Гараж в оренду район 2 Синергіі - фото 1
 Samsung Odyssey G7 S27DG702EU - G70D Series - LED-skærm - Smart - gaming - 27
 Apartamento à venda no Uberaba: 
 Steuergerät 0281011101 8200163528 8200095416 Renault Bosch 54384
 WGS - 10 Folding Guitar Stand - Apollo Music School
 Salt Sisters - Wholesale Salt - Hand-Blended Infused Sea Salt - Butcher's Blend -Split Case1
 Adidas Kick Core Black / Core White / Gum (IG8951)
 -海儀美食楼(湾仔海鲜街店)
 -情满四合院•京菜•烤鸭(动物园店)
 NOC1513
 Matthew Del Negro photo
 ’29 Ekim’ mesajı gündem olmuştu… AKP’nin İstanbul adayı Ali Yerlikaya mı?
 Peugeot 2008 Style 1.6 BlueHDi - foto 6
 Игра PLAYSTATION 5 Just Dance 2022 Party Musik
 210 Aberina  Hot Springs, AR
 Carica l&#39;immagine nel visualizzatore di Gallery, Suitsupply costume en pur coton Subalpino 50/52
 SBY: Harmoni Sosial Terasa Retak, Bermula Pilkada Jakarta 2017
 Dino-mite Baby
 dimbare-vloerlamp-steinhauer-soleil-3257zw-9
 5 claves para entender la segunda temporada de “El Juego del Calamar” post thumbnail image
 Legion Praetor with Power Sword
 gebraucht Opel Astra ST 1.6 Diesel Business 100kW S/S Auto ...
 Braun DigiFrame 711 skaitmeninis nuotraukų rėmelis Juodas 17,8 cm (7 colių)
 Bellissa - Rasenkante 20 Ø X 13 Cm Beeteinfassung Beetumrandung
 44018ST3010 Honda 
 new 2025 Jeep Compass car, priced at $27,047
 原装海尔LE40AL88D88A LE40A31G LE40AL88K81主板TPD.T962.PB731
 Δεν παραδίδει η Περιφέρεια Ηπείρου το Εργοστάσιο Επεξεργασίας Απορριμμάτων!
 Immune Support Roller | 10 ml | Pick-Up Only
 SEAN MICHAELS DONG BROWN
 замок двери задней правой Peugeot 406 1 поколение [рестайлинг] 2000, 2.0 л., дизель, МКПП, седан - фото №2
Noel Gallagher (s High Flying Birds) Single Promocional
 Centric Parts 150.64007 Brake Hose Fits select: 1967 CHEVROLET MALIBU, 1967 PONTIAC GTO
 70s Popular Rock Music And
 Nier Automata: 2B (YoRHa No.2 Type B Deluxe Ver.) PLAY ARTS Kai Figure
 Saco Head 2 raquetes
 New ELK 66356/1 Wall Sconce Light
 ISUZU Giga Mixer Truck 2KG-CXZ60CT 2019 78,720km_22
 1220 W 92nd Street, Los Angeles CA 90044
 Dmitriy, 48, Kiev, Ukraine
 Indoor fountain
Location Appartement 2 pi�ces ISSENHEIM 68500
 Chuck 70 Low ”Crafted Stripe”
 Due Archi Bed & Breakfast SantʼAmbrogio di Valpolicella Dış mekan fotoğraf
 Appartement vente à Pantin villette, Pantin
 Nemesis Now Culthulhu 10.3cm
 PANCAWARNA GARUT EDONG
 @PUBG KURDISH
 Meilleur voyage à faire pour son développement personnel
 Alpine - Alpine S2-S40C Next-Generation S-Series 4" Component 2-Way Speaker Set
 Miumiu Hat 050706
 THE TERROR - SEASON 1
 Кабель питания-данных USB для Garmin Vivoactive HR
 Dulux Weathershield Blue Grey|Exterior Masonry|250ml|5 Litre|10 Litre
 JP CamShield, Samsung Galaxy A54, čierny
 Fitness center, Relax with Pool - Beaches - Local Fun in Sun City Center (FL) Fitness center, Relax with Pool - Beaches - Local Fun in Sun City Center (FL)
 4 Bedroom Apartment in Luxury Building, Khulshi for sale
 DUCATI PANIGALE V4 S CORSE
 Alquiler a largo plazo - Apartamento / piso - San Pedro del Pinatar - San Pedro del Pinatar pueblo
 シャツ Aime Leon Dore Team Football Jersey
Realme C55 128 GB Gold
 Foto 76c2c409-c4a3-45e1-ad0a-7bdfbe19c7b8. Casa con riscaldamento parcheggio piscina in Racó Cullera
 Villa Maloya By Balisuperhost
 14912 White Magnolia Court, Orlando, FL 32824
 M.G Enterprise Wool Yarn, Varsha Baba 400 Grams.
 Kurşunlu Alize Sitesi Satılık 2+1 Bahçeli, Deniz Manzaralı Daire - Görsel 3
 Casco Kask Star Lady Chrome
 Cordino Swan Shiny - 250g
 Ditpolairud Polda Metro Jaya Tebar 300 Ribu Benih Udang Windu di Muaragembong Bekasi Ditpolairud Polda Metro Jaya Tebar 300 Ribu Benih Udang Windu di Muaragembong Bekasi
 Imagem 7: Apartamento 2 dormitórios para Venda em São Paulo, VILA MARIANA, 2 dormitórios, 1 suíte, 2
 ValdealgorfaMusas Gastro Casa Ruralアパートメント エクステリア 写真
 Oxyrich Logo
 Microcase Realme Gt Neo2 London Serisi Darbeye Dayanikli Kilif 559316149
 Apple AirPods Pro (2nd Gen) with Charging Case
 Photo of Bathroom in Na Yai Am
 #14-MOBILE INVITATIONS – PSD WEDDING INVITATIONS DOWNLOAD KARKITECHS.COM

________________________________________

- **Task objective**
Each line that contains the word "фото" adds to the total; give the total for the material and nothing else.

- **Response to the task**
2